This is the truth. It's pretty outrageous the prices the exchanges charge for real time data.

Though to be fair they are pretty good about letting you pay for what you want.

Most offer: - 15 minute delayed quotes, - real time top of book, - depth of book and the - raw fast data feed with not additions.

Pick what you want.


Anecdote: I once asked how much it would cost if I enabled myself for realtime access to every exchange we offer and I was given the ballpark figure that it would cost the company $80k/year.
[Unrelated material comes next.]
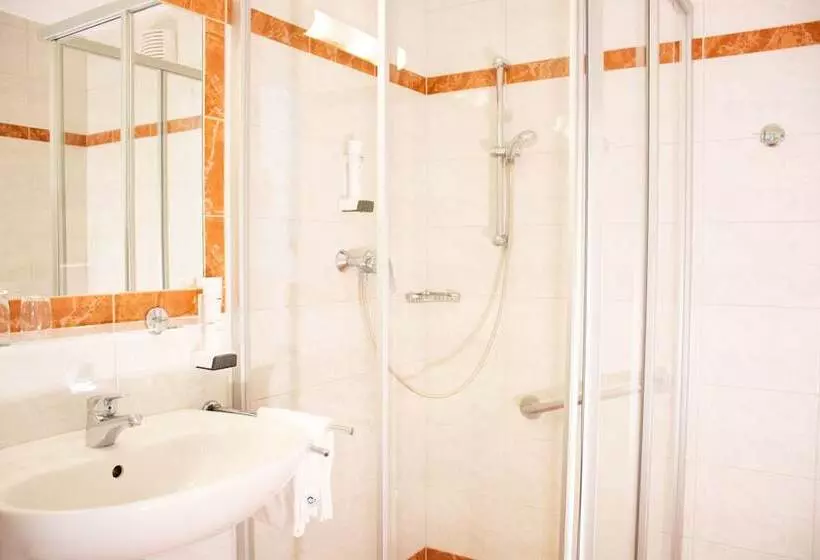 اتاق استاندارد, Landhotel Post Ebensee Am Traunsee S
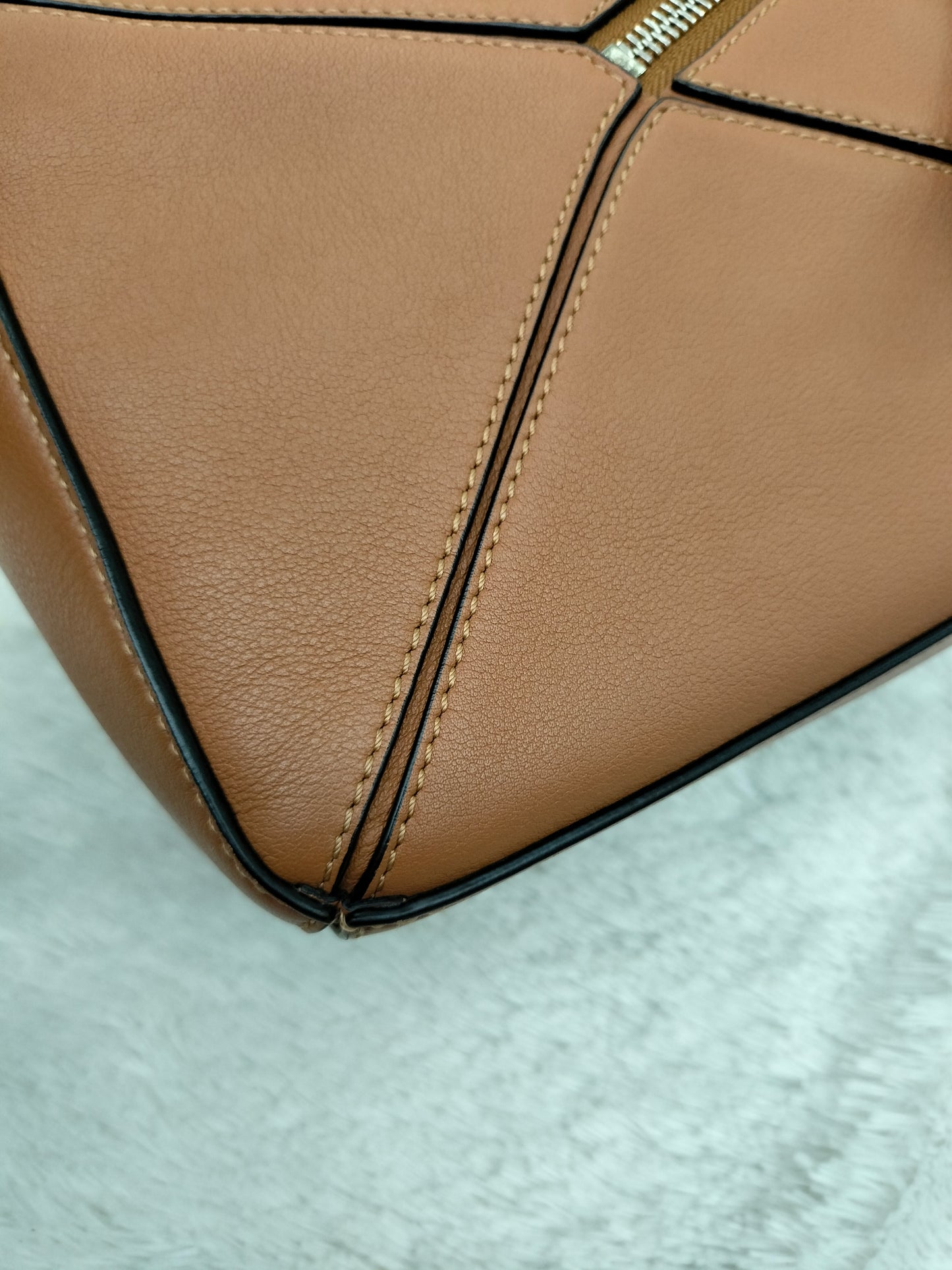 Loewe Puzzle Small Tan SHW 2019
Exchanges charge a lot.


Hmm, that seems cheap :)

TSX, NYSE, and NASDAQ are around $5000/month each for full depth of book.


I'm guessing that previously Bloomberg either charged or didn't allow 3rd party access to their APIs so that you could develop your own apps on top of the datafeed.
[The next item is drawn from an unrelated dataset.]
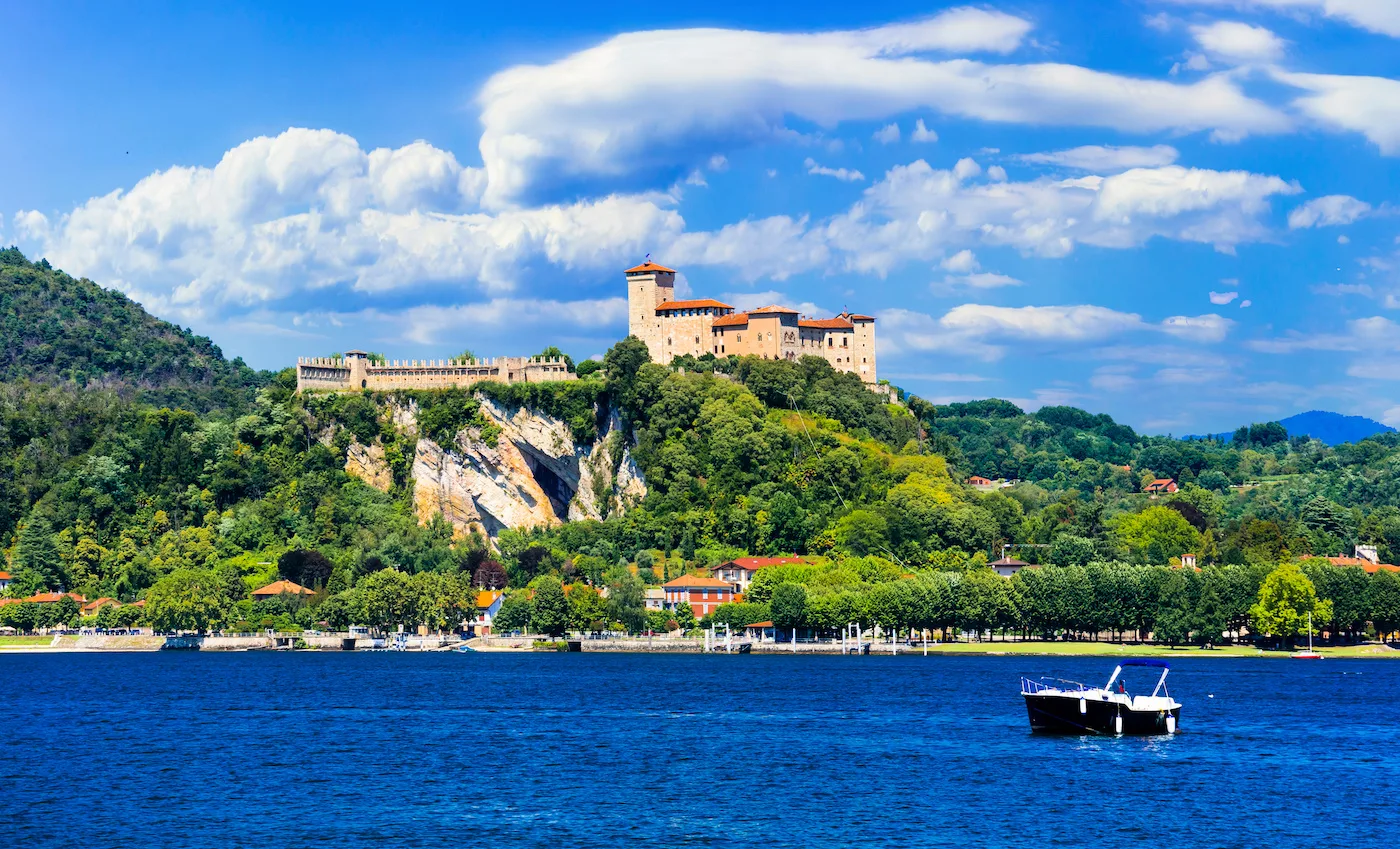 Rocca d'Angera vista dal lago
By making it open, it opens up the market for 3rd party tool developers to build apps that can access the Bloomberg feed data.

To those that are complaining, I have a developer subscription to IQFeed, which charges a fee of around $70/month for delayed data, and I pay $300/yr, so Bloomberg offering it for free is pretty good. Too bad their data feed costs ~$1000/month.


Does the cost depend on the volume of data accessed or is it just a fixed amount per month?


The cost of what, IQFeed? For IQFeed it's a fixed amount per month. I have no idea on Bloomberg.


There is a monthly cost and also tiered, metered usage. Keep in mind this isn't just for accessing North American exchanges. Our data customers can access all data we have, from the 110+ countries we collect feeds from.


Thanks for the response. Can you give a pointer to the Bloomberg pricing info, to get an idea of the fixed + variable costs?


If anyone wants licensed Bloomberg financial news content, we have that in our News API and can give to you guys at HN rates. Can be used for commercial use. We worked hard to get this agreement done with Bloomberg since we know a lot of finance startup could use this.


What is the cheapest way to get the actual data? A number of years back, opentick had a pretty cheap API for getting market data. However, they have shutdown. Is there anyone out there with a good api, and relatively cheap data feed?


Note that ths is just an API - to use it you still need to be a subscriber, and nothing they offer is cheap. In the tradition of their Excel APIs, this doesn't even come close to giving automated access to their entire database.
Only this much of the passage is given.